Given data:
===

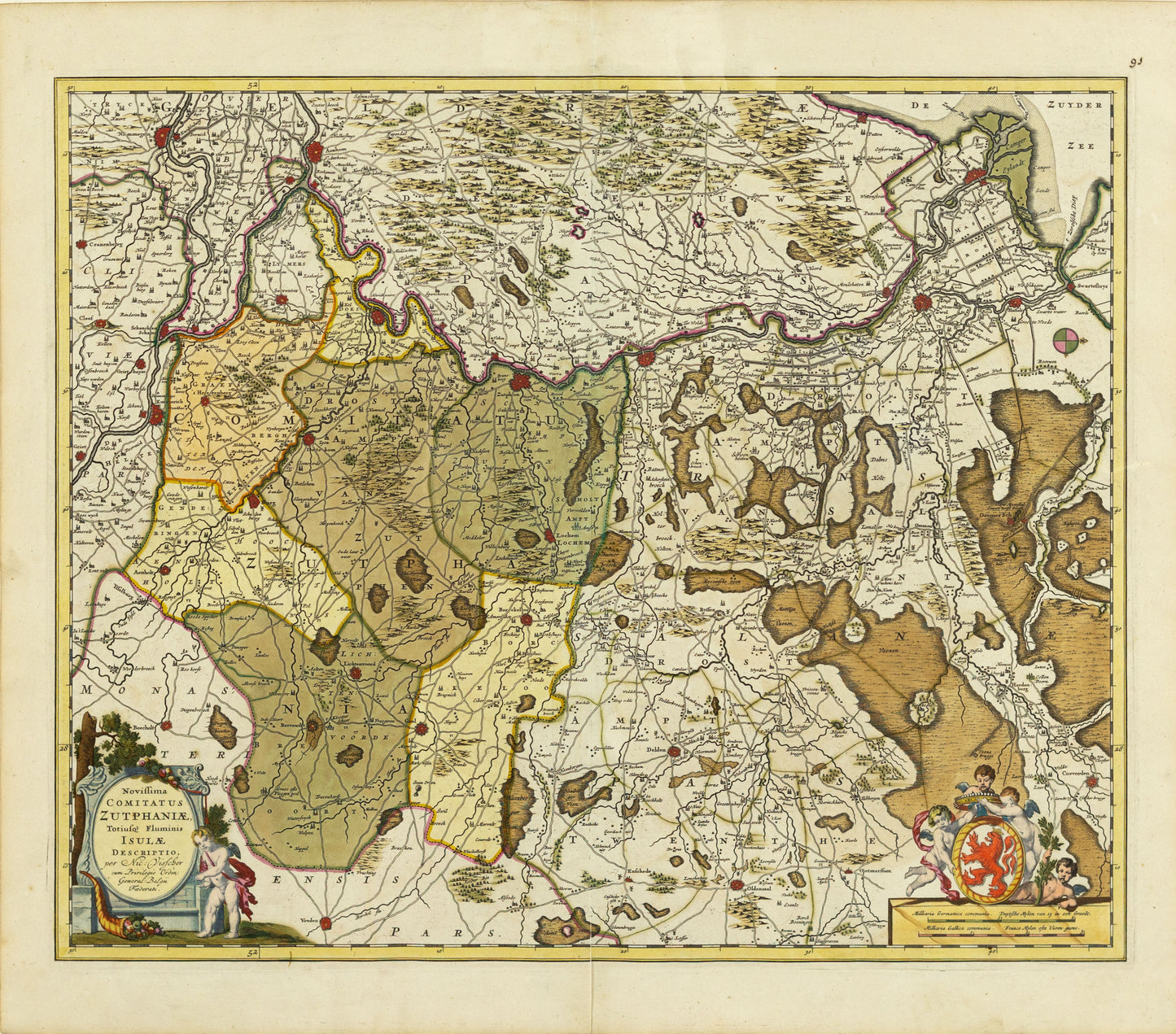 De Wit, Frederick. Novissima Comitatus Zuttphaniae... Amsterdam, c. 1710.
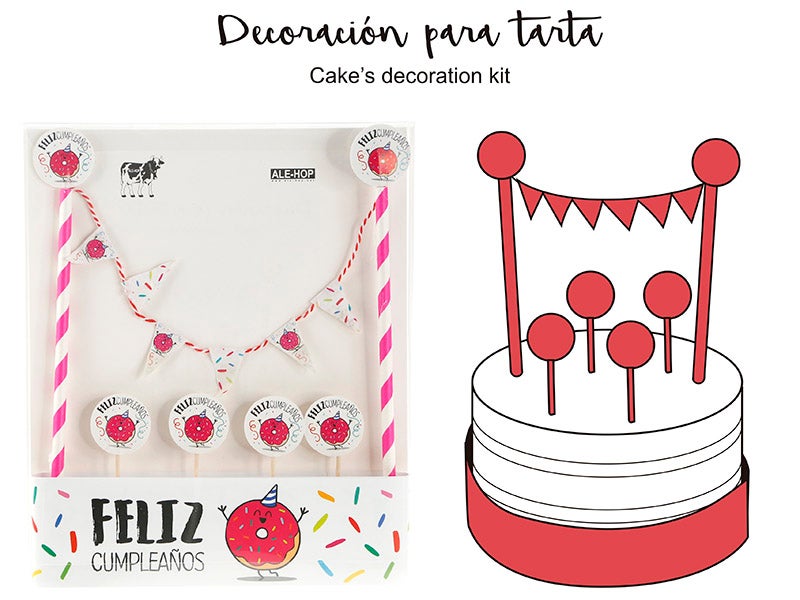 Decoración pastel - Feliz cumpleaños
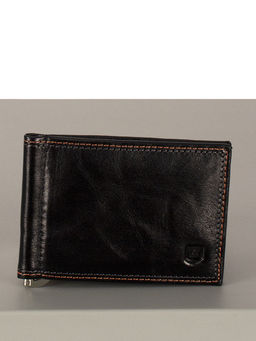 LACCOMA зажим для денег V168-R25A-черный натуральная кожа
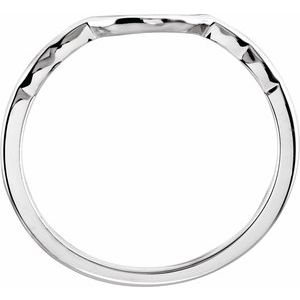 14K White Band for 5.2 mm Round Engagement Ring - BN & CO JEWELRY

===

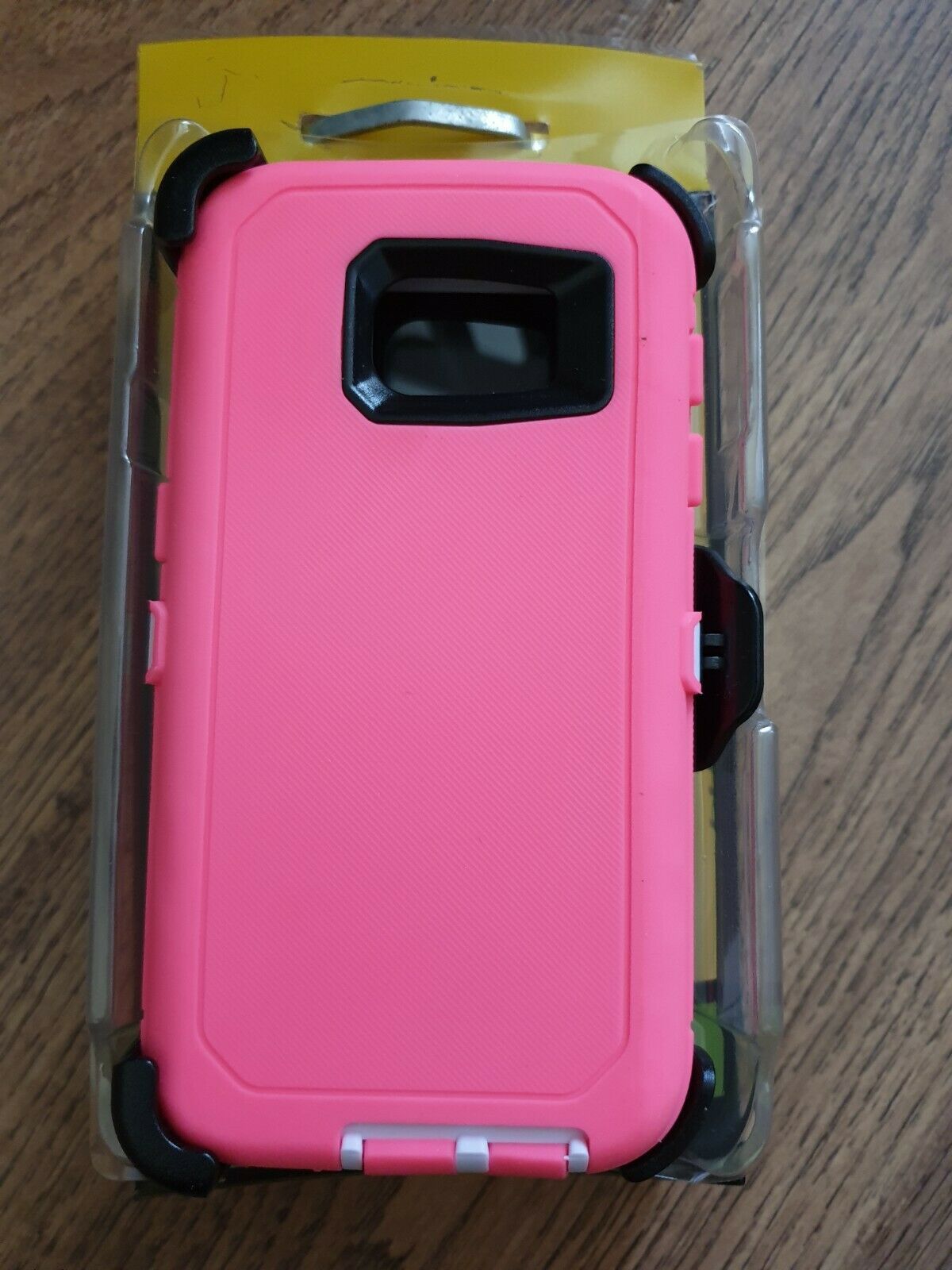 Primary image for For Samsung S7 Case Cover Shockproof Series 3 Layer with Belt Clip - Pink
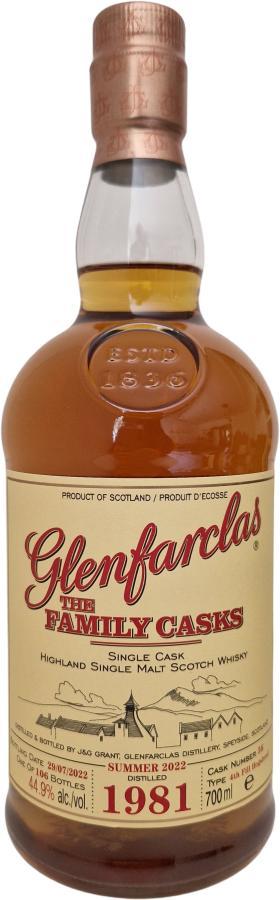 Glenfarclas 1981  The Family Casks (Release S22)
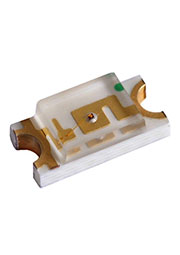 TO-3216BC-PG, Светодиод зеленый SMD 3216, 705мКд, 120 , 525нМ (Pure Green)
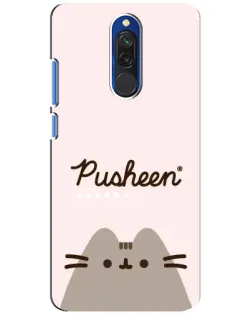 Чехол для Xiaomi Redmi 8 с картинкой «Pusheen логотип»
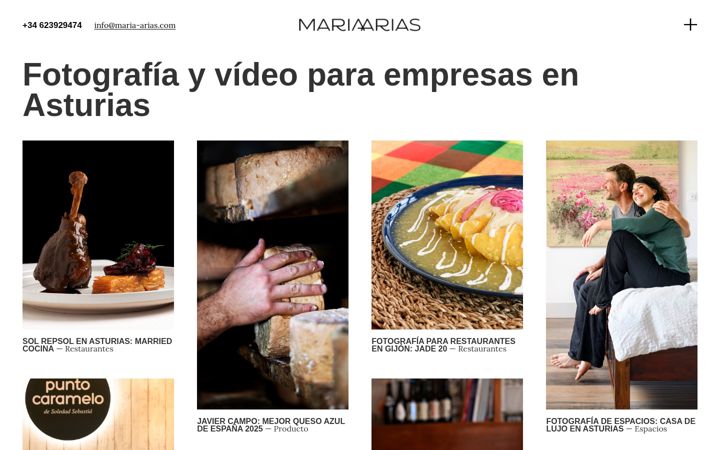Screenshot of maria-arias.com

===

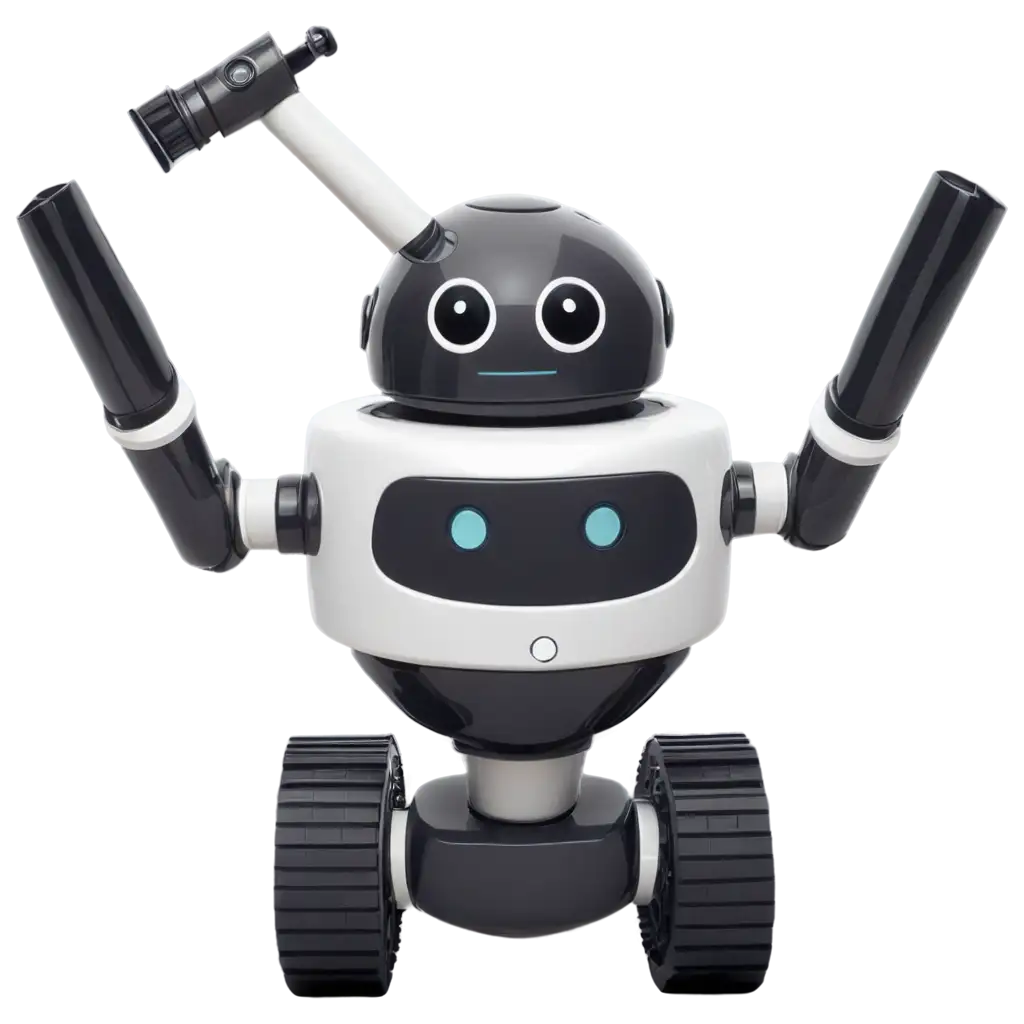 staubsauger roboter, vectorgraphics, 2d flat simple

===

What the exercise asks: Only one part of the listing is wanted: the lines from the one containing "Decoración pastel - Feliz cumpleaños" through the one containing "14K White Band", both included. Please transcribe it exactly, leaving out the pictures.

Response to this task:
 Decoración pastel - Feliz cumpleaños
 LACCOMA зажим для денег V168-R25A-черный натуральная кожа
 14K White Band for 5.2 mm Round Engagement Ring - BN & CO JEWELRY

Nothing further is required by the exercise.